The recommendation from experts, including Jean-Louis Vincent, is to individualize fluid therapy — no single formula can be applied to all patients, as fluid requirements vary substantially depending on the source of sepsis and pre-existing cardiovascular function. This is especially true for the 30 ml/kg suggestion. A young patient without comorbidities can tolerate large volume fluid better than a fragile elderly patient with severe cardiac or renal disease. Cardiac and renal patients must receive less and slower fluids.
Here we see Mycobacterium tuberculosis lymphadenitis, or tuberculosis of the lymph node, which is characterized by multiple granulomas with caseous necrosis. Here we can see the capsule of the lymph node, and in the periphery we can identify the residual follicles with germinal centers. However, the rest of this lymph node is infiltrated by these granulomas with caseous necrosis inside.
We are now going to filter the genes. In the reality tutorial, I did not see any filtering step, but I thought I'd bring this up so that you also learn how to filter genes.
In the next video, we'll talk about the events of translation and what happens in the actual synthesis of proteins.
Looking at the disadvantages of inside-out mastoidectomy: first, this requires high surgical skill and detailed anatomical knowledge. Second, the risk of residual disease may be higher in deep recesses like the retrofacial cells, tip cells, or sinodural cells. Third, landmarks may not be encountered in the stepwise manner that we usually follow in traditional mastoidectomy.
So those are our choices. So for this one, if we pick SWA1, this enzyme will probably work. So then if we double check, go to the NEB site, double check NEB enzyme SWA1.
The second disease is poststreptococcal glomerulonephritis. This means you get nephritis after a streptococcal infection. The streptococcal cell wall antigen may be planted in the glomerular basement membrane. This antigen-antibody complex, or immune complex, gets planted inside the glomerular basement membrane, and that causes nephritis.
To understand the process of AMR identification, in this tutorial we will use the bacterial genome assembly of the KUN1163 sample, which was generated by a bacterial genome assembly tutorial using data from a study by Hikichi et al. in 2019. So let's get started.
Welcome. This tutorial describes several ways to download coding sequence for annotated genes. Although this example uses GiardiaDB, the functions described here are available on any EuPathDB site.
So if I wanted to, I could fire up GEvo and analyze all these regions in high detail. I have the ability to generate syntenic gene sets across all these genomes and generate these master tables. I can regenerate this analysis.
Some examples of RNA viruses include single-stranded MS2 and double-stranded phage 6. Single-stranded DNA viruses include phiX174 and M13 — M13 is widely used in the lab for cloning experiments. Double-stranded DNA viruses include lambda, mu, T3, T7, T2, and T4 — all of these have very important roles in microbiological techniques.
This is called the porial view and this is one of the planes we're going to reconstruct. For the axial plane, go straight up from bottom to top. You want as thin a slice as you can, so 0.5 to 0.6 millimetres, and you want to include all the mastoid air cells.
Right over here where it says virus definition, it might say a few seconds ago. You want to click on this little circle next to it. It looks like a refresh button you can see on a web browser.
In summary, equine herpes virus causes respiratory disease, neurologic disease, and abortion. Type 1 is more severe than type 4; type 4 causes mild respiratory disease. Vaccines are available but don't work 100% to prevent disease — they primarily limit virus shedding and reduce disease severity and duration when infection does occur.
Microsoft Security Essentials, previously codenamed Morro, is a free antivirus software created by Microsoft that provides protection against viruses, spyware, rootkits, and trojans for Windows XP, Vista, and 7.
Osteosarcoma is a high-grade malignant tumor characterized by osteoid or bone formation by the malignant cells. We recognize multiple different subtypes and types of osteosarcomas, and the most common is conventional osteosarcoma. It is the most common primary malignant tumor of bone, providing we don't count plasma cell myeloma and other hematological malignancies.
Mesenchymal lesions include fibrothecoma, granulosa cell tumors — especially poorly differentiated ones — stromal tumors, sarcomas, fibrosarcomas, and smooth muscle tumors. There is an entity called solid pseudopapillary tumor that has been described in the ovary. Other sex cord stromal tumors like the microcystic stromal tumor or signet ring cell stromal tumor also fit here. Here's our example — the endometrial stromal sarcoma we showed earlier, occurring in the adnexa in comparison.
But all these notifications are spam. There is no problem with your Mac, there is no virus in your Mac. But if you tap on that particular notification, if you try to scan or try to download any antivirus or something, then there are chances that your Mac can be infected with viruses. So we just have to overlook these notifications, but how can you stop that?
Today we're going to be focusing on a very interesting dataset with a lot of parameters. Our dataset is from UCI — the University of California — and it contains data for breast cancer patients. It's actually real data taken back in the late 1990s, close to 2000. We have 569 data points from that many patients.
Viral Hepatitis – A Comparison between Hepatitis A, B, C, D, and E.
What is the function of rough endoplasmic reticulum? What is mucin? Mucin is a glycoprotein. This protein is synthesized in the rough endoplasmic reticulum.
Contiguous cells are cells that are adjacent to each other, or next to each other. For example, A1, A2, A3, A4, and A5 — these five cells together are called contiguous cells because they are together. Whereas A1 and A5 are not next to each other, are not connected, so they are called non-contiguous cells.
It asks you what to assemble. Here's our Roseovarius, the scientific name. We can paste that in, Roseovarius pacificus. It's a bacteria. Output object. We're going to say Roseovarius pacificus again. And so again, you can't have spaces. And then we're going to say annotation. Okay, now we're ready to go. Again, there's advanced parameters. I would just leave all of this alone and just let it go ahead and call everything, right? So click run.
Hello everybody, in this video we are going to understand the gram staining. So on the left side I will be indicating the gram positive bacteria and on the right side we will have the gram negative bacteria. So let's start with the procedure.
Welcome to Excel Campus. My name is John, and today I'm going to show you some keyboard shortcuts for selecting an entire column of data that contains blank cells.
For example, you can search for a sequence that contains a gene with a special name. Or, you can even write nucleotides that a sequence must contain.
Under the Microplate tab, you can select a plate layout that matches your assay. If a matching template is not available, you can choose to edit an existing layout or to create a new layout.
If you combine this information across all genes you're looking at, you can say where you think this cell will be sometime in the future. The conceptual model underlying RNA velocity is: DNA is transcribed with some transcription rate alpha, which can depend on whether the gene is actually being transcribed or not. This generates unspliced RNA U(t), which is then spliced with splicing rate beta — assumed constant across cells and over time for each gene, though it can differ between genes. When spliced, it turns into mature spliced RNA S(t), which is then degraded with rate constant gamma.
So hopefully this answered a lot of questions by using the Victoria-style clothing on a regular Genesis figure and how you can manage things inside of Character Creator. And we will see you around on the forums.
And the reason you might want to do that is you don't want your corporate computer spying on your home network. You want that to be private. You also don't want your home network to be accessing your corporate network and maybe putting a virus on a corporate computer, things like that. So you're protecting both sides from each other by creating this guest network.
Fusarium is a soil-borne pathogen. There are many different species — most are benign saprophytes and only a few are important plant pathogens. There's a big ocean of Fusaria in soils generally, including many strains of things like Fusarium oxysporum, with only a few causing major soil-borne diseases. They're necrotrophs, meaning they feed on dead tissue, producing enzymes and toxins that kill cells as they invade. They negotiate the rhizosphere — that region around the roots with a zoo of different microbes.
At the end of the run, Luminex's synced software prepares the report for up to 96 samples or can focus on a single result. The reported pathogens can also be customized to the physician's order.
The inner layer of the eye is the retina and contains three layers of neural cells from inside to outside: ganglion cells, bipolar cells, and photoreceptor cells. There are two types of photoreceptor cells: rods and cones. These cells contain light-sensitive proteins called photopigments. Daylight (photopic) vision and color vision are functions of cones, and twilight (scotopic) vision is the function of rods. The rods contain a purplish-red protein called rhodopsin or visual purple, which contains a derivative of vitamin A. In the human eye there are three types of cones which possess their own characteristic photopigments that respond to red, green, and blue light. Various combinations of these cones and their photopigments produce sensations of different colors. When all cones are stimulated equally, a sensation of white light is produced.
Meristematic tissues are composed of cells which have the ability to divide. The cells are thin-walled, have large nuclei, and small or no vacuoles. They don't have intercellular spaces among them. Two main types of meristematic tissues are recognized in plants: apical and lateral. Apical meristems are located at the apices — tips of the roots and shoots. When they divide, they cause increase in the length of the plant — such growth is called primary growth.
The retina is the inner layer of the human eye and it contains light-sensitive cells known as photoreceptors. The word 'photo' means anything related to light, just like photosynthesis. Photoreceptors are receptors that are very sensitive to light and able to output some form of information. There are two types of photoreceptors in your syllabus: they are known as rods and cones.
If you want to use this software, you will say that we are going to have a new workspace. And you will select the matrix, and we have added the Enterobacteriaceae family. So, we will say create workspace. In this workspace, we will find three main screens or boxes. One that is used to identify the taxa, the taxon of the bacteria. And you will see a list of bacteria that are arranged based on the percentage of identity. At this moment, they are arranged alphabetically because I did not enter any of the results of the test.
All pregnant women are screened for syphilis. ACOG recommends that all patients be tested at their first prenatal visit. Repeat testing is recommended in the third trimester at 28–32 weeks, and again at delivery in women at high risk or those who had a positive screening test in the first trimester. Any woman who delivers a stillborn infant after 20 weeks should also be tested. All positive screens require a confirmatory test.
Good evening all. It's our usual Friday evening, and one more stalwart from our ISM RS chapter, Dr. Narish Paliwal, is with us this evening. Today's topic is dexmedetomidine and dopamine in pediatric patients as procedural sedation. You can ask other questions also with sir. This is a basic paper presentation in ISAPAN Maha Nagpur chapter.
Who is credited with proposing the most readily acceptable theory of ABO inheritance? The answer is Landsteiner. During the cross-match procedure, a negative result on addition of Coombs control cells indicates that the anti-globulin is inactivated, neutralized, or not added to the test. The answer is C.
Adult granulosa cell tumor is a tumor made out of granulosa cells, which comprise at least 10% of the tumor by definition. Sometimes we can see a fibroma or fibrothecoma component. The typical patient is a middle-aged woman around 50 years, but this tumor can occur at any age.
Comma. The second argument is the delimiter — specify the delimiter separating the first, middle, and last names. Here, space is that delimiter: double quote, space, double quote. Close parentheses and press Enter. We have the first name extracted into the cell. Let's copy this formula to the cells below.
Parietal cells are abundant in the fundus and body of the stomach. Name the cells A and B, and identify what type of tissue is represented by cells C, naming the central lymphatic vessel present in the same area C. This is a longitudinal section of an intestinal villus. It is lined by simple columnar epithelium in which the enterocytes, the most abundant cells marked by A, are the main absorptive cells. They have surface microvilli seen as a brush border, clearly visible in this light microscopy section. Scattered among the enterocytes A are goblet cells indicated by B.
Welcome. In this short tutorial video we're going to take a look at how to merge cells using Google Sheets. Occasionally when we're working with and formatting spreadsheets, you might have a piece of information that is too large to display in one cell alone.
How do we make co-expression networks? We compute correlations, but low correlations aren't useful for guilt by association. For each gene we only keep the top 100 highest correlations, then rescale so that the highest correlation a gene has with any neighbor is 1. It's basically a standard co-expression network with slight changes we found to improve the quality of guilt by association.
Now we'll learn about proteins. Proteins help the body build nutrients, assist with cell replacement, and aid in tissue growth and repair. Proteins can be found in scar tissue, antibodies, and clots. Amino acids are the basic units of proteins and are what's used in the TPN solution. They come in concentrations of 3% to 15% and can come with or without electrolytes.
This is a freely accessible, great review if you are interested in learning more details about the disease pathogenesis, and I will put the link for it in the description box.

------------

Problem details » Please repeat the line that contains "Parietal cells are" and every line after it through the end of the material above, exactly and with nothing added.

Written solution »
Parietal cells are abundant in the fundus and body of the stomach. Name the cells A and B, and identify what type of tissue is represented by cells C, naming the central lymphatic vessel present in the same area C. This is a longitudinal section of an intestinal villus. It is lined by simple columnar epithelium in which the enterocytes, the most abundant cells marked by A, are the main absorptive cells. They have surface microvilli seen as a brush border, clearly visible in this light microscopy section. Scattered among the enterocytes A are goblet cells indicated by B.
Welcome. In this short tutorial video we're going to take a look at how to merge cells using Google Sheets. Occasionally when we're working with and formatting spreadsheets, you might have a piece of information that is too large to display in one cell alone.
How do we make co-expression networks? We compute correlations, but low correlations aren't useful for guilt by association. For each gene we only keep the top 100 highest correlations, then rescale so that the highest correlation a gene has with any neighbor is 1. It's basically a standard co-expression network with slight changes we found to improve the quality of guilt by association.
Now we'll learn about proteins. Proteins help the body build nutrients, assist with cell replacement, and aid in tissue growth and repair. Proteins can be found in scar tissue, antibodies, and clots. Amino acids are the basic units of proteins and are what's used in the TPN solution. They come in concentrations of 3% to 15% and can come with or without electrolytes.
This is a freely accessible, great review if you are interested in learning more details about the disease pathogenesis, and I will put the link for it in the description box.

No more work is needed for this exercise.